In April 2010, the company appealed the determination of the Japan Tax Authorities with respect to certain foreign tax losses. The unrecognized tax benefit of these losses totals $997 million as of December 31, 2015. In April 2011, the company received notification that the appeal was denied, and in June 2011, the company filed a lawsuit challenging this decision. In May 2014, the Tokyo District Court ruled in favor of the company. The Japanese government appealed the ruling to the Tokyo High Court. In March 2015, the Tokyo High Court ruled in favor of the company and, in April 2015, the Japanese government appealed the ruling to the Japan Supreme Court. See Note U, “Subsequent Events,” for an update on this matter.

 

The liability at December 31, 2015 of $4,574 million can be reduced by $850 million of offsetting tax benefits associated with the correlative effects of potential transfer pricing adjustments, U.S. tax credits, state income taxes and timing adjustments. The net amount of $3,724 million, if recognized, would favorably affect the company’s effective tax rate. The net amounts at December 31, 2014 and 2013 were $4,229 million and $3,902 million, respectively.

 

Interest and penalties related to income tax liabilities are included in income tax expense. During the year ended December 31, 2015, the company recognized $141 million in interest expense and penalties; in 2014, the company recognized $216 million in interest expense and penalties; and, in 2013, the company recognized a benefit of $93 million in interest expense and penalties. The company has $613 million for the payment of interest and penalties accrued at December 31, 2015, and had $593 million accrued at December 31, 2014.

 

Within the next 12 months, the company believes it is reasonably possible that the total amount of unrecognized tax benefits associated with certain positions may be reduced as certain foreign issues may be concluded. The company estimates that the unrecognized tax benefits at December 31, 2015 could be reduced by approximately $413 million, excluding the Japan matter discussed above.

 

The company is subject to taxation in the U.S. and various state and foreign jurisdictions. With respect to major U.S. state and foreign taxing jurisdictions, the company is generally no longer subject to tax examinations for years prior to 2011. With limited exception, the company is no longer subject to income tax examination of its U.S. federal tax return for years prior to 2013. The open years contain matters that could be subject to differing interpretations of applicable tax laws and regulations related to the amount and/or timing of income, deductions and tax credits. Although the outcome of tax audits is always uncertain, the company believes that adequate amounts of tax and interest have been provided for any significant adjustments that are expected to result for these years.

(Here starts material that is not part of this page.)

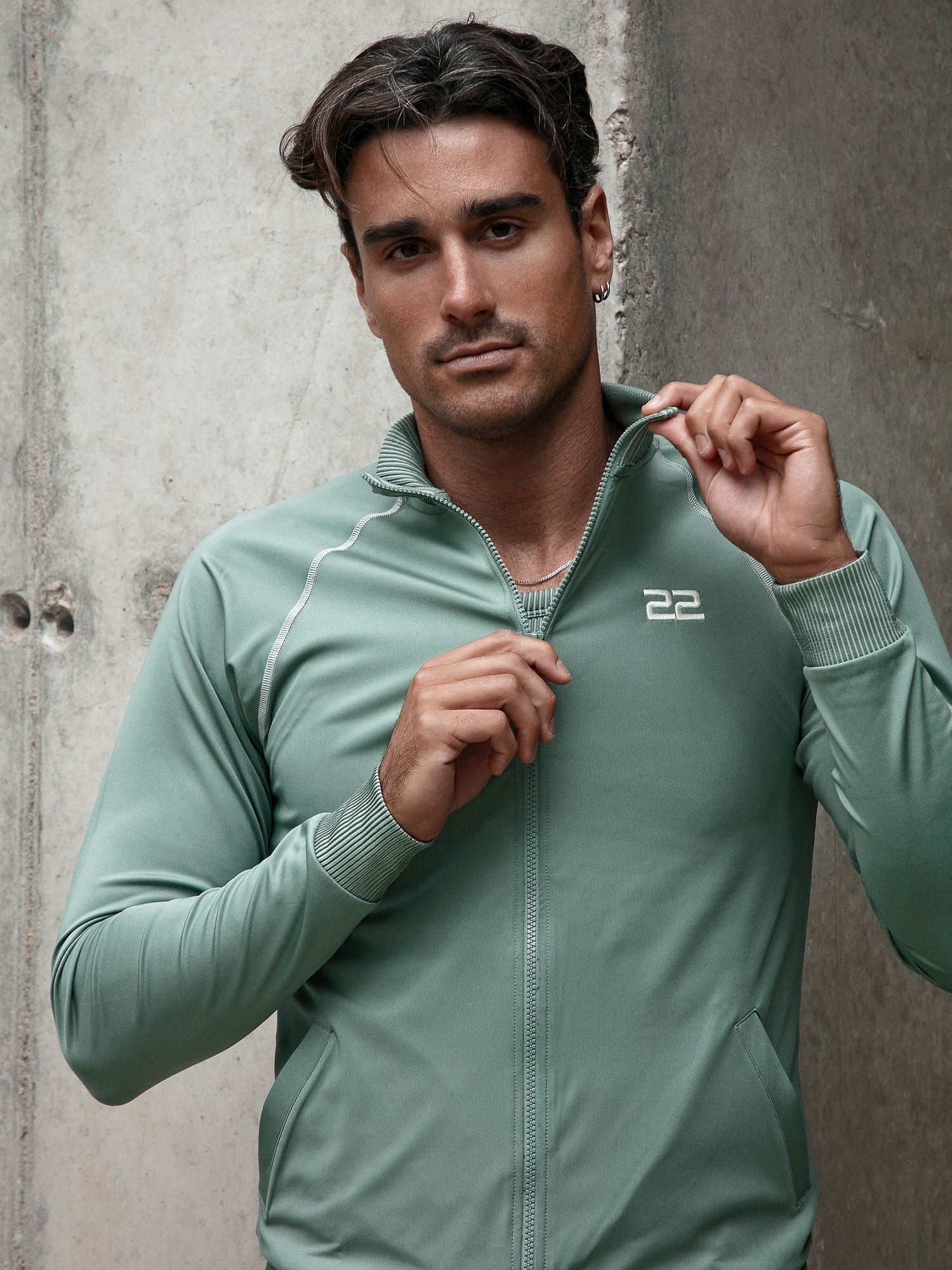 CODE 22 REFLEX ZIP - UP SWEATJACKE 9740 - Sportjacke - Code 22 - Shop Deutschland Noodosz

In the fourth quarter of 2013, the company received a draft tax assessment notice for approximately $866 million (approximately $810 million at 2015 year-end currency rates) from the Indian Tax Authorities for 2009. The company believes it will prevail on these matters and that this amount is not a meaningful indicator of liability. At December 31, 2015, the company has recorded $526 million as prepaid income taxes in India. A significant portion of this balance represents cash tax deposits paid over time to protect the company’s right to appeal various income tax assessments made by the Indian Tax Authorities.

In the first quarter of 2016, the IRS commenced its audit of the company’s U.S. tax returns for 2013 and 2014. The company anticipates that this audit will be completed by the end of 2017.

 

The company has not provided deferred taxes on $68.1 billion of undistributed earnings of non-U.S. subsidiaries at December 31, 2015, as it is the company’s policy to indefinitely reinvest these earnings in non-U.S. operations. However, the company periodically repatriates a portion of these earnings to the extent that it does not incur an additional U.S. tax liability. Quantification of the deferred tax liability, if any, associated with indefinitely reinvested earnings is not practicable.